* [What the exercise asks]:
Start at the line with "Clutch button mini" in the records below, stop at the line with "Verde Home Jersey (Green - [untitled])", and return every line in that span exactly, the two end lines included.

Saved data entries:
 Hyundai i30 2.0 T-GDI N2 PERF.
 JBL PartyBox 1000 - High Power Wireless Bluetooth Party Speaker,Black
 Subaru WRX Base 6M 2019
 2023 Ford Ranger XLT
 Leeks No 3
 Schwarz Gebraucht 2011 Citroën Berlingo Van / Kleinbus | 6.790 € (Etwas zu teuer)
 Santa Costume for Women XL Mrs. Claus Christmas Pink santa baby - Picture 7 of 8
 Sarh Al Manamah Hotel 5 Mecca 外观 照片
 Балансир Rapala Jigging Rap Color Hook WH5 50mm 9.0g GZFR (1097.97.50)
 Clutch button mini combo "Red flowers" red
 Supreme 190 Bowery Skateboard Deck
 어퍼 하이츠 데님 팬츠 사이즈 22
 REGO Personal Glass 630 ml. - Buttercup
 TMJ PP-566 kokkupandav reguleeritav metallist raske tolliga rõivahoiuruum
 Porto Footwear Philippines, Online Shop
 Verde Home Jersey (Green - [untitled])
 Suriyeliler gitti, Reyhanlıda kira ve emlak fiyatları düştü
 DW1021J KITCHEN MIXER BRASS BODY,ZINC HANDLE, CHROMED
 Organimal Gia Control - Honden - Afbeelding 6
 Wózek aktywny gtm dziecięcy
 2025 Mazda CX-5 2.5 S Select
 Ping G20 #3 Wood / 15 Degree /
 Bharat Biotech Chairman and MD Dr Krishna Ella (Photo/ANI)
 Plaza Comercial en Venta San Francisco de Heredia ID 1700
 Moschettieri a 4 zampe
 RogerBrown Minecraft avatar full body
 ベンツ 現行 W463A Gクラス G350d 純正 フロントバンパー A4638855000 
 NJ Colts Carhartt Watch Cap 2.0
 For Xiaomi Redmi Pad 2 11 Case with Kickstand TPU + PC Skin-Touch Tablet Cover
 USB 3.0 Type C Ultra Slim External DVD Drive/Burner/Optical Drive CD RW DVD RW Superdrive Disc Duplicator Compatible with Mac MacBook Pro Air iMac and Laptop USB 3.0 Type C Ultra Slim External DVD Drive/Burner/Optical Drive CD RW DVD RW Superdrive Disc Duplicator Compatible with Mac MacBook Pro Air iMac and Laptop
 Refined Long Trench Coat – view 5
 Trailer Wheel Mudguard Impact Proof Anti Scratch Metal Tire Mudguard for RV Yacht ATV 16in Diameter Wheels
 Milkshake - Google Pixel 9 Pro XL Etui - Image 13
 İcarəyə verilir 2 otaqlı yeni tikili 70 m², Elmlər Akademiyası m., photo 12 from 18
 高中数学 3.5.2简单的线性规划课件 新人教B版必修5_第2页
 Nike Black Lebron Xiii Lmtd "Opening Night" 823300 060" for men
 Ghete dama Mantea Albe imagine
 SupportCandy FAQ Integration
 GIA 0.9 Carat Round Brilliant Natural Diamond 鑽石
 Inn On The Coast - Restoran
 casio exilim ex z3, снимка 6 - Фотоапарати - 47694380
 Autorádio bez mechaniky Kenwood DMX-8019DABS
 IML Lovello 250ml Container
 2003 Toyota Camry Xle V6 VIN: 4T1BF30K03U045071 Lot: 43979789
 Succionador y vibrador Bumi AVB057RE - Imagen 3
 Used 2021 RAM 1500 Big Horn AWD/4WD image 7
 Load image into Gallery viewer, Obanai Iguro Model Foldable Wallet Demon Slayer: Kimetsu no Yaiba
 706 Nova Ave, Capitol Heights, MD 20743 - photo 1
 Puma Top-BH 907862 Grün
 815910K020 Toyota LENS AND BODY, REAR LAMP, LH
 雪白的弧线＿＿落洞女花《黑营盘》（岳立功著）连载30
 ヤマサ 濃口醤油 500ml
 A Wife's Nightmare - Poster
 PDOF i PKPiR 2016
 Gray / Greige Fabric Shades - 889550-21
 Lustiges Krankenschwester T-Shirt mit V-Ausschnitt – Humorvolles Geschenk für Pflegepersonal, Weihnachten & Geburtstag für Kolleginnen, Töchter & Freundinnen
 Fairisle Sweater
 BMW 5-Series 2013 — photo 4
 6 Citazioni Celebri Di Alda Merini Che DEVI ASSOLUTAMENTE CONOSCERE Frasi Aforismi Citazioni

* [Solution for this task]:
 Clutch button mini combo "Red flowers" red
 Supreme 190 Bowery Skateboard Deck
 어퍼 하이츠 데님 팬츠 사이즈 22
 REGO Personal Glass 630 ml. - Buttercup
 TMJ PP-566 kokkupandav reguleeritav metallist raske tolliga rõivahoiuruum
 Porto Footwear Philippines, Online Shop
 Verde Home Jersey (Green - [untitled])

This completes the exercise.